The city has also called for covering unused former landfills in the districts of Cu Chi, Hoc Mon and Tan Binh to turn them into golf courses or parks or build shopping facilities or apartments on them.

According to the Department of Natural Resources and Environment, investors in new waste treatment facilities will enjoy incentives related to land use rights, electricity rates, bank loans, and taxes.

If the additional units at the Cu Chi and Binh Chanh waste treatment plants meet the standards set by the Government under a decision in 2013, they will enjoy tax waivers for 11 year and 70 per cent discounts on land rentals.

Electricity generated by burning waste will be bought for VND2,114 per kWh, while power produced by burning gases collected from landfills will fetch VND1,532.

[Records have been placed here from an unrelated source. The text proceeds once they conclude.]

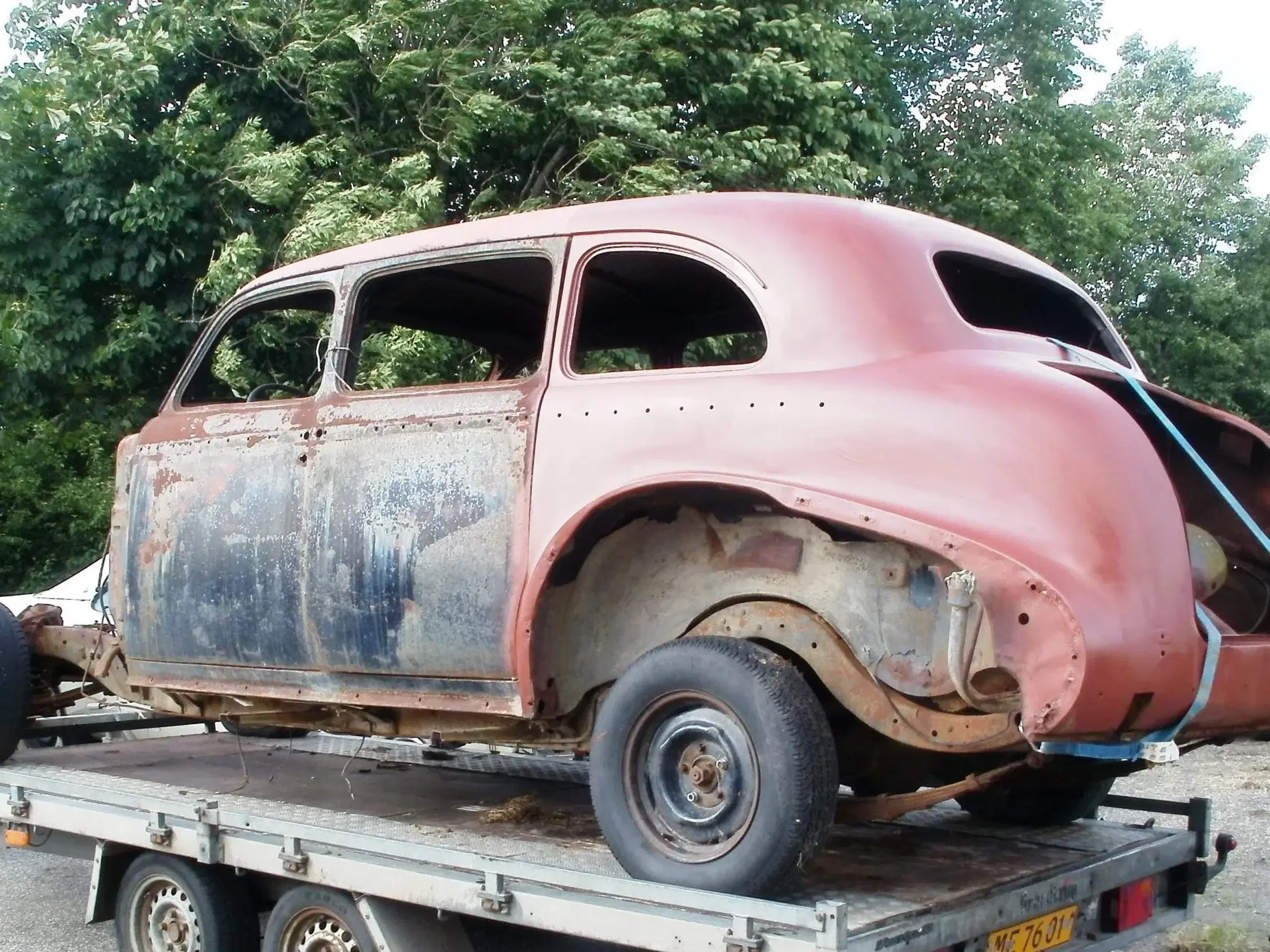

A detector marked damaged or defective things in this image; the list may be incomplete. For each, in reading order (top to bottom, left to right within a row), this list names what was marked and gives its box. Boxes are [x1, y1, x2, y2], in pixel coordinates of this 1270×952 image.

rusty vintage car body [10, 194, 1270, 893]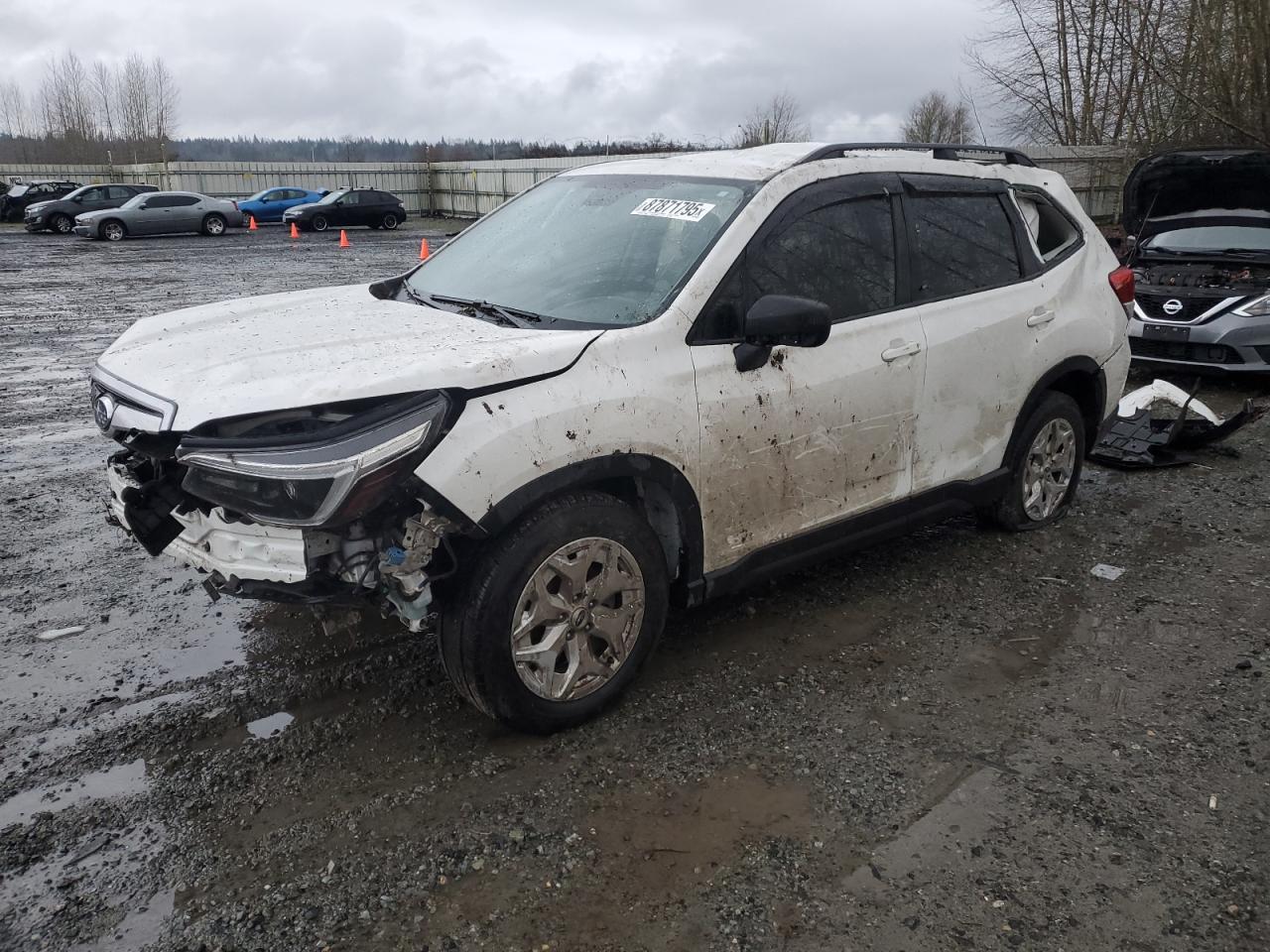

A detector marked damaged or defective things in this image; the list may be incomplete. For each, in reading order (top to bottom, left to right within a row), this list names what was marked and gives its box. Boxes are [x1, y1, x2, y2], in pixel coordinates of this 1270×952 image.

exposed headlight assembly [1234, 293, 1270, 318]
broken headlight lens [1234, 293, 1270, 318]
crumpled front bumper [105, 459, 309, 586]
broken headlight lens [174, 393, 451, 533]
exposed headlight assembly [176, 393, 454, 531]
damaged white subaru forester [93, 145, 1137, 736]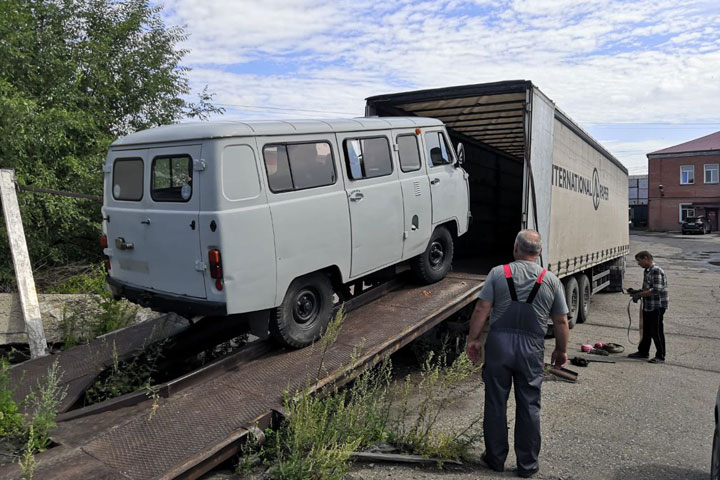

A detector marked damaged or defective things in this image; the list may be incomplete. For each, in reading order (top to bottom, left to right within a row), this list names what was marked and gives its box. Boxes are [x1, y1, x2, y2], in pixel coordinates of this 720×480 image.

rusty metal ramp [1, 274, 484, 480]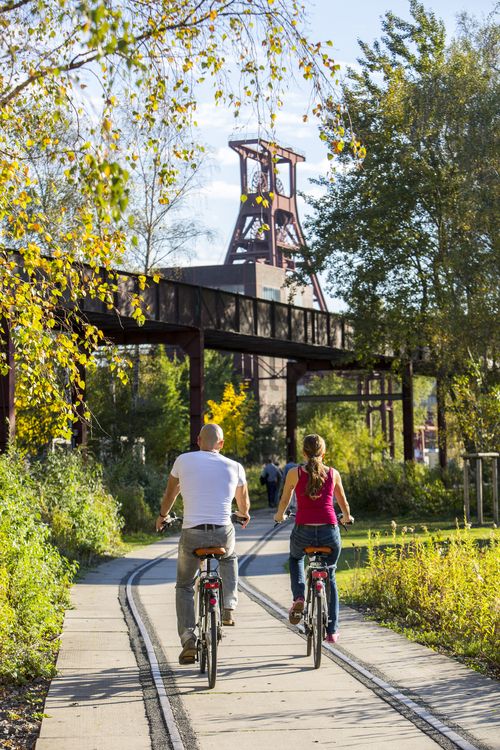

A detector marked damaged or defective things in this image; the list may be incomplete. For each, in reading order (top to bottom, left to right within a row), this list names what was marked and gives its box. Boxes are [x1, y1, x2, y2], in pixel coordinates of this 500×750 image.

rusty metal structure [224, 138, 326, 312]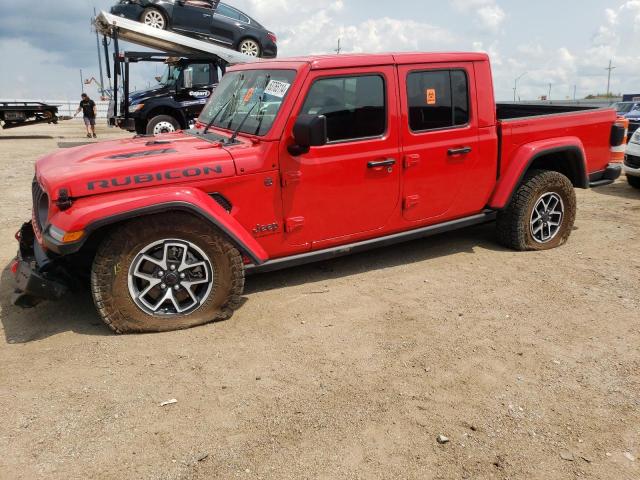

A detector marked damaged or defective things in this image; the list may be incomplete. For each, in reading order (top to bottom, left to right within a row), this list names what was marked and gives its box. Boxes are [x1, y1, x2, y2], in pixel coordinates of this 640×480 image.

damaged front bumper [11, 222, 67, 308]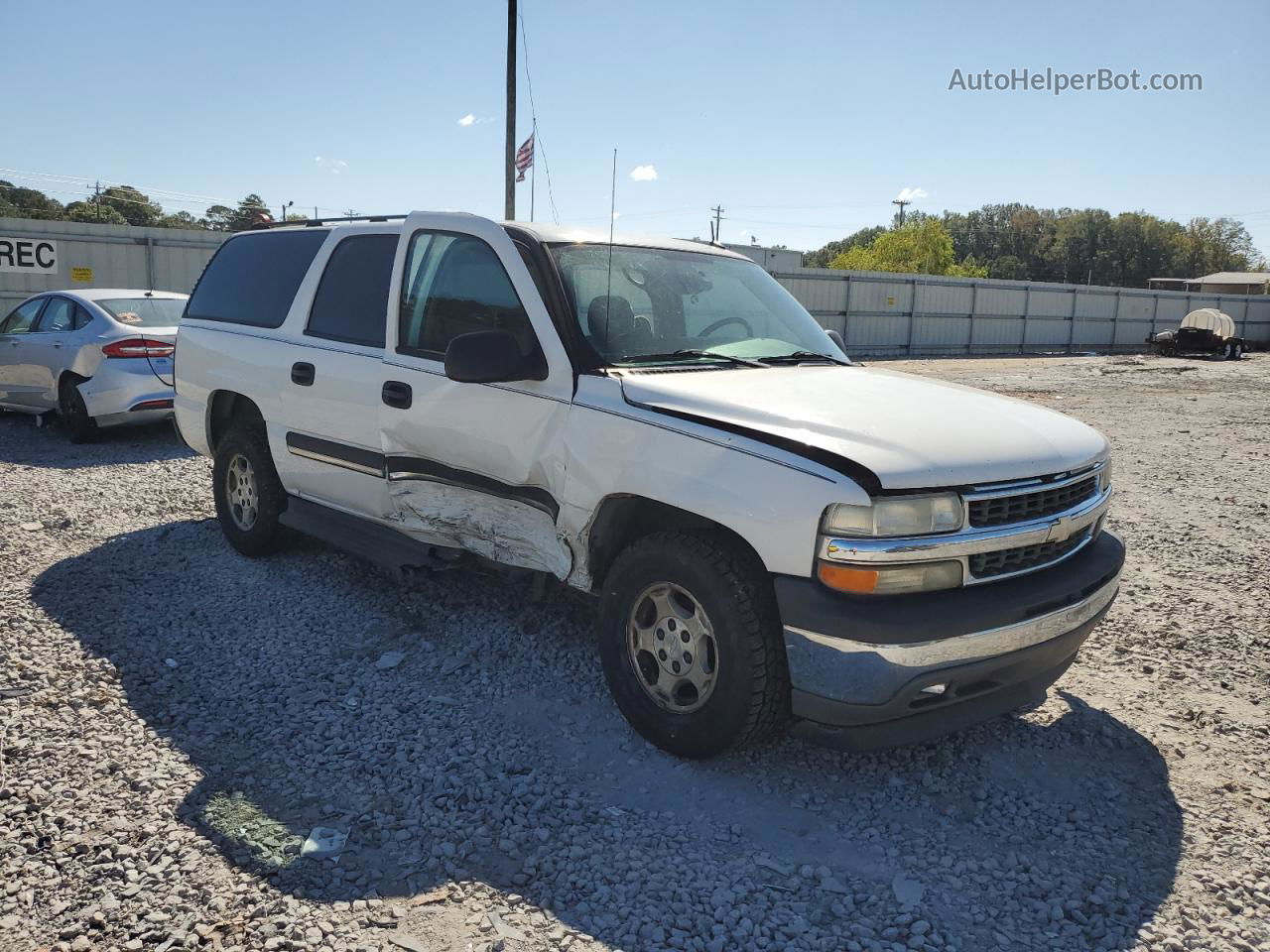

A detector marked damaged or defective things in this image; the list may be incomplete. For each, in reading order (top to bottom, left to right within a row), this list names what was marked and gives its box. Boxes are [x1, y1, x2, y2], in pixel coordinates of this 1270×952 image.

damaged ford sedan [171, 214, 1119, 758]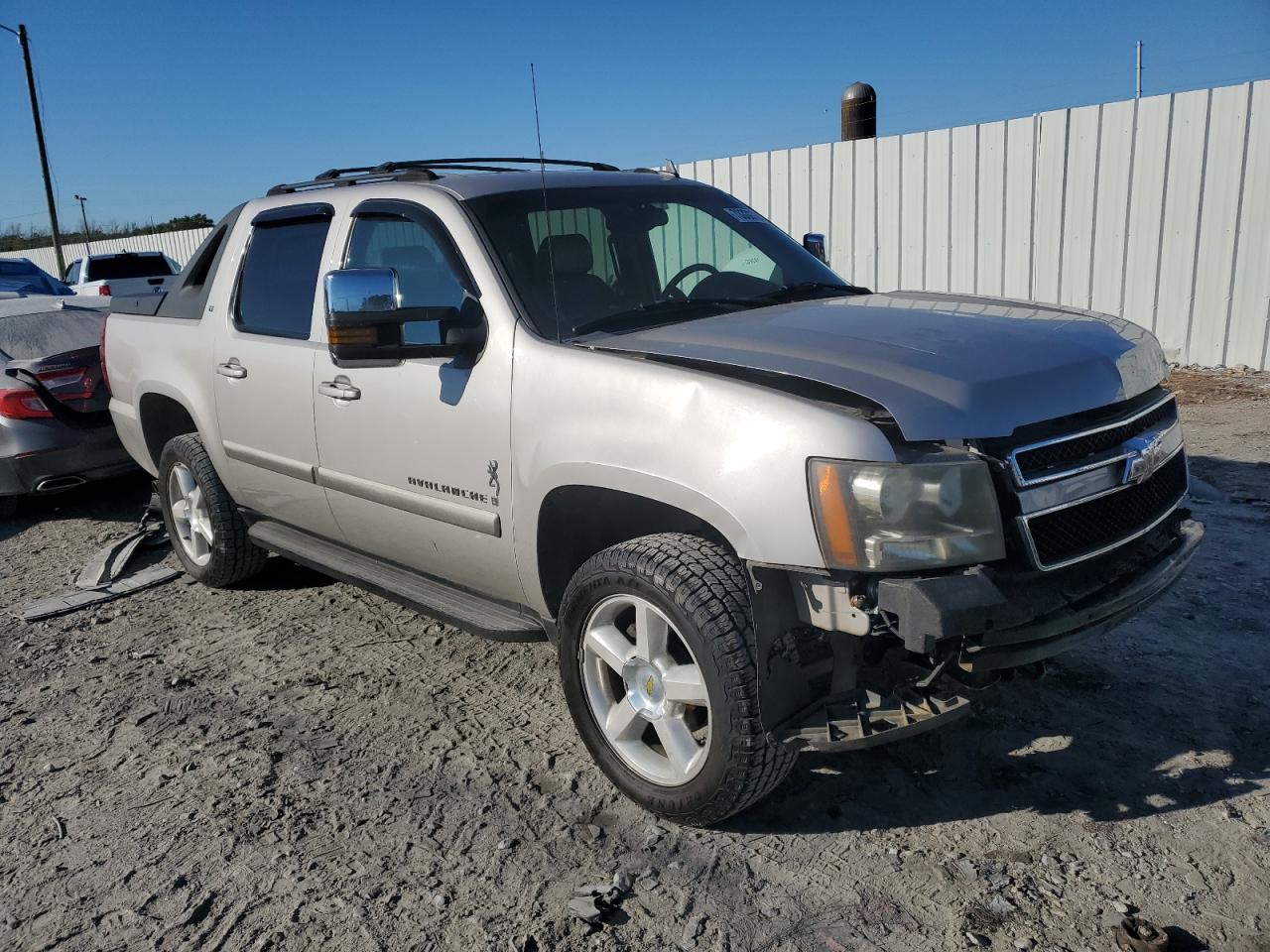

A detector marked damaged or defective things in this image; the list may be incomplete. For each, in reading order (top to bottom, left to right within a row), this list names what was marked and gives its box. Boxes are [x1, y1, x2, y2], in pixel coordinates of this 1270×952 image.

damaged front end [746, 386, 1204, 751]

The city will provide financial support in the form of fully subsidising interest on all bank loans obtained for projects to collect, treat and recycle waste by the private sector.

All import taxes on equipment and other products not manufactured in the country will be waived.

Speaking about incentives to attract investment in solid waste treatment projects offered by the city, Dr Le Huy Ba of the HCM City University of Food Industry said they are attractive.

However, the city should specify the time frames, locations and technologies for these projects, while the technologies and funding for them must be carefully assessed to ensure the projects are undertaken successfully, he said.